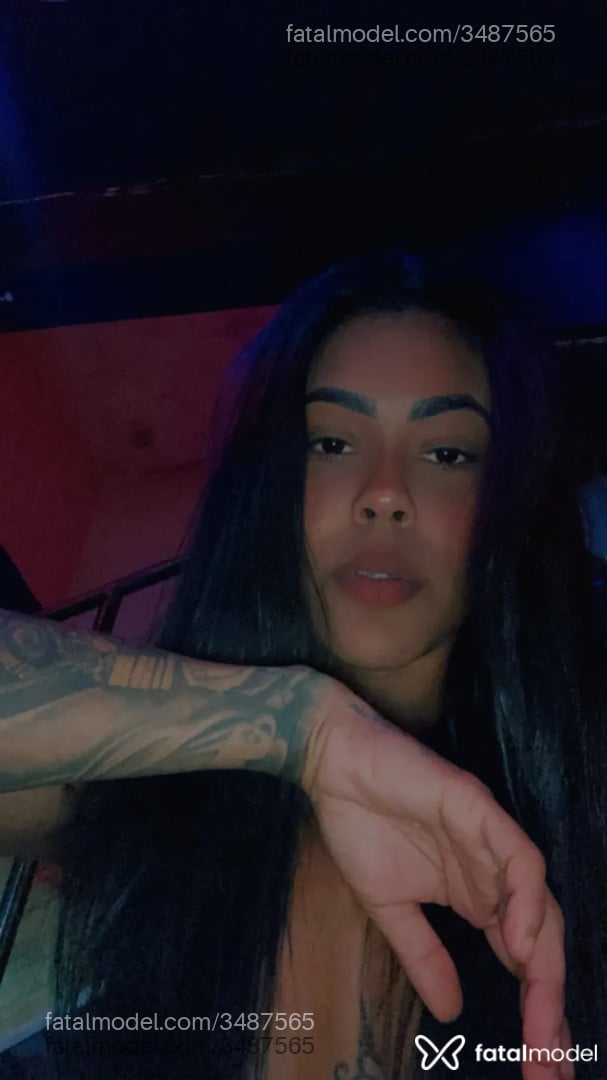 Acompanhante mulher morena (o) de olhos castanhos - Nicolly Brum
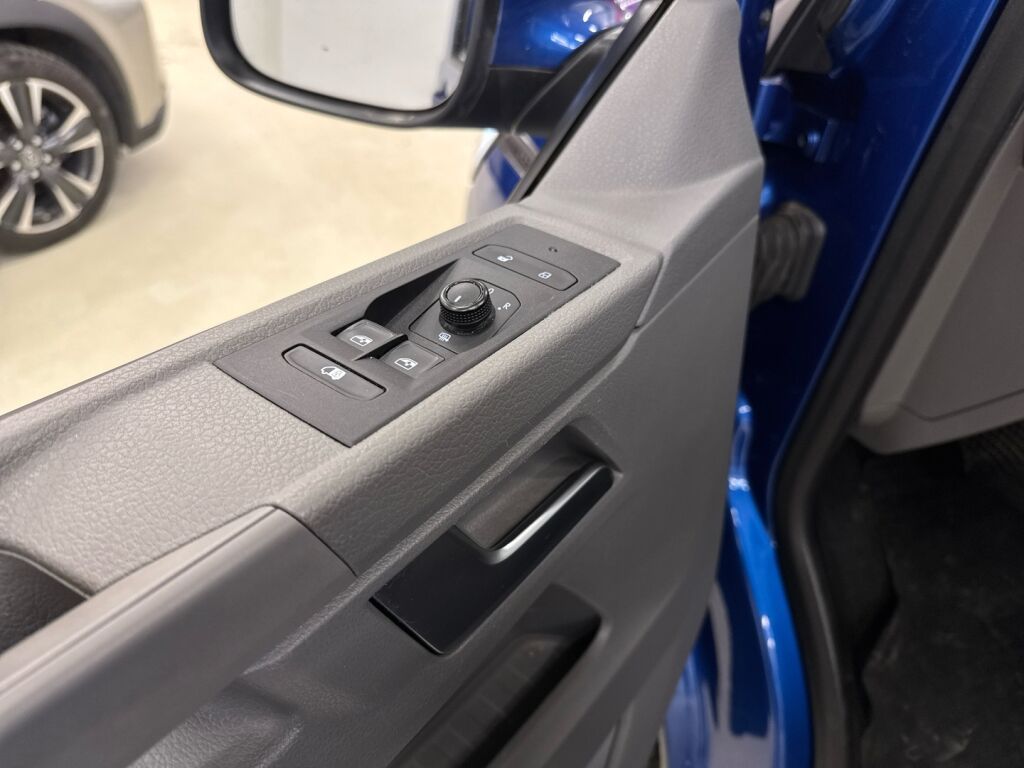 Volkswagen Transporter 2020 Sininen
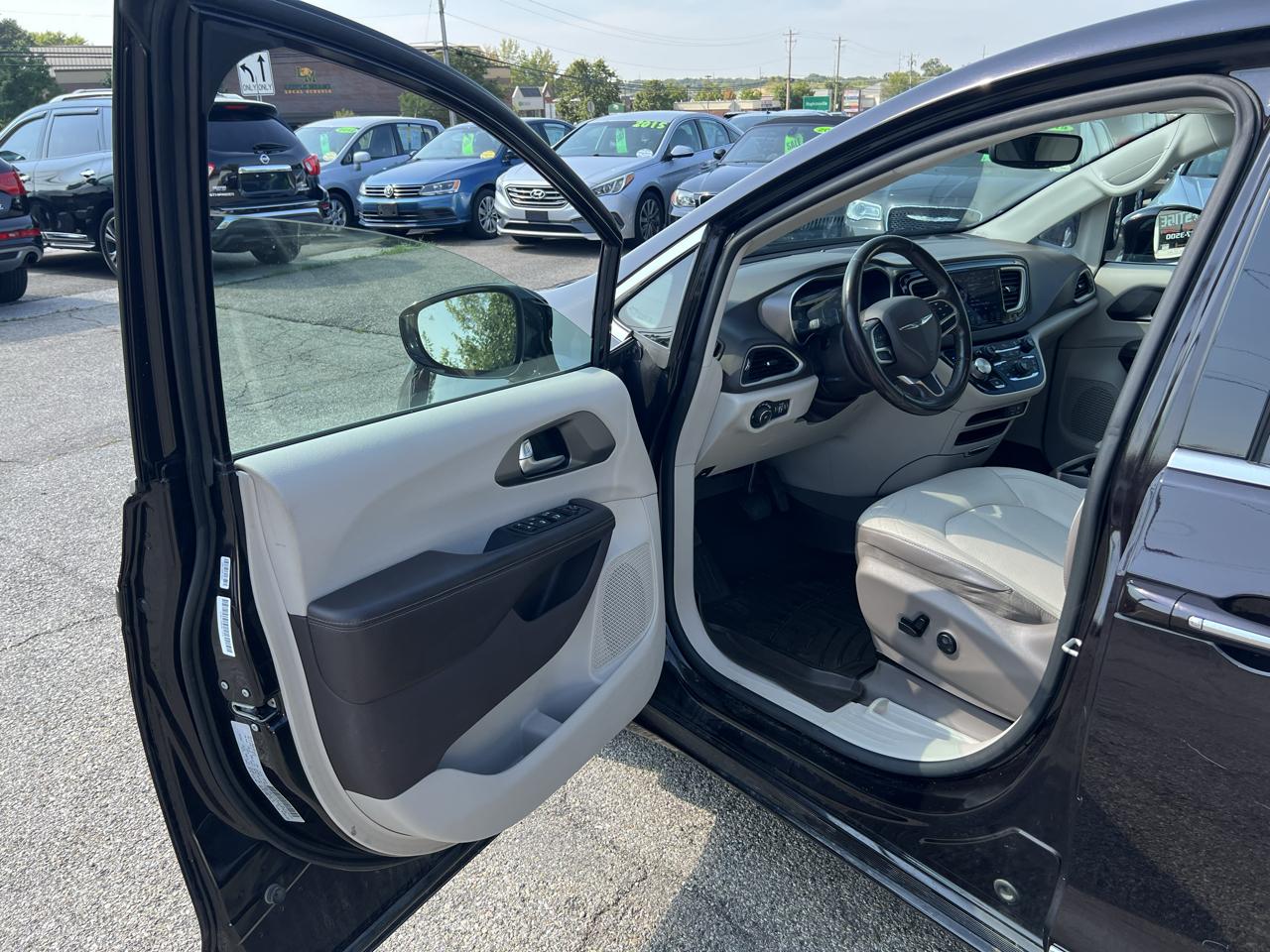 Chrysler Pacifica Touring-L 2019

- **WORK INSTRUCTION**: With the pictures removed, set down the entire listing exactly.

- **RESPONSE BELOW**:
 Acompanhante mulher morena (o) de olhos castanhos - Nicolly Brum
 Volkswagen Transporter 2020 Sininen
 Chrysler Pacifica Touring-L 2019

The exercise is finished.